> TASK TO CARRY OUT:
The whole listing needs retyping exactly; keep the pictures out of it.

> THE DATA:
-- Opening Marker --

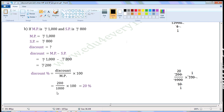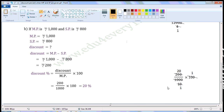Substitute the values of discount and market price in this formula. That is equal to Rs. 200 by Rs. 1,000 into 100. Let us simplify this in the rough work. Common factor of 100 and 1,000 is 100. Divide both of them with the common factor. When we divide 100 with 100, we get 1. When we divide 1,000 with 100, we get 10. Now, common factor of 200 and 10 is 10. Divide both of them with the common factor. When we divide 200 with 10, we get 20. When we divide 10 with 10, we get 1. The values left are 20 into 1 by 1, which is equal to 20. So, Discount percent is 20%.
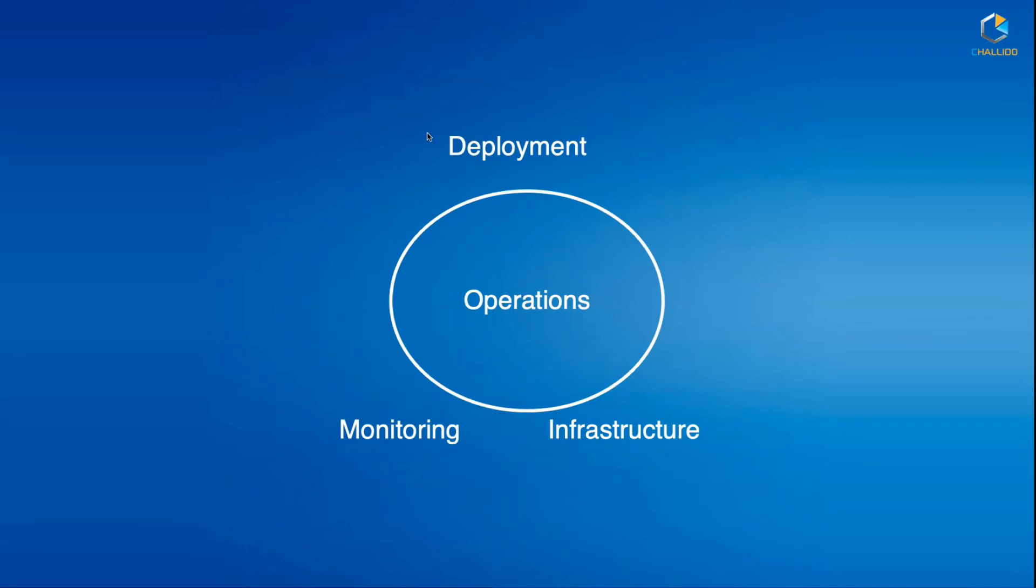maintaining the infrastructure required for the application to run, deploying the application, verifying whether everything works, and then monitoring it for any exceptions or errors. So with these three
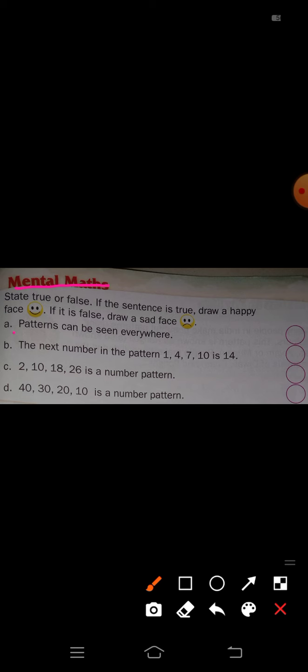So it is true. You have to draw a happy face in the circle. Draw the happy face here.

-- Closing Marker --

> EXERCISE RESULT:
Substitute the values of discount and market price in this formula. That is equal to Rs. 200 by Rs. 1,000 into 100. Let us simplify this in the rough work. Common factor of 100 and 1,000 is 100. Divide both of them with the common factor. When we divide 100 with 100, we get 1. When we divide 1,000 with 100, we get 10. Now, common factor of 200 and 10 is 10. Divide both of them with the common factor. When we divide 200 with 10, we get 20. When we divide 10 with 10, we get 1. The values left are 20 into 1 by 1, which is equal to 20. So, Discount percent is 20%.
maintaining the infrastructure required for the application to run, deploying the application, verifying whether everything works, and then monitoring it for any exceptions or errors. So with these three
So it is true. You have to draw a happy face in the circle. Draw the happy face here.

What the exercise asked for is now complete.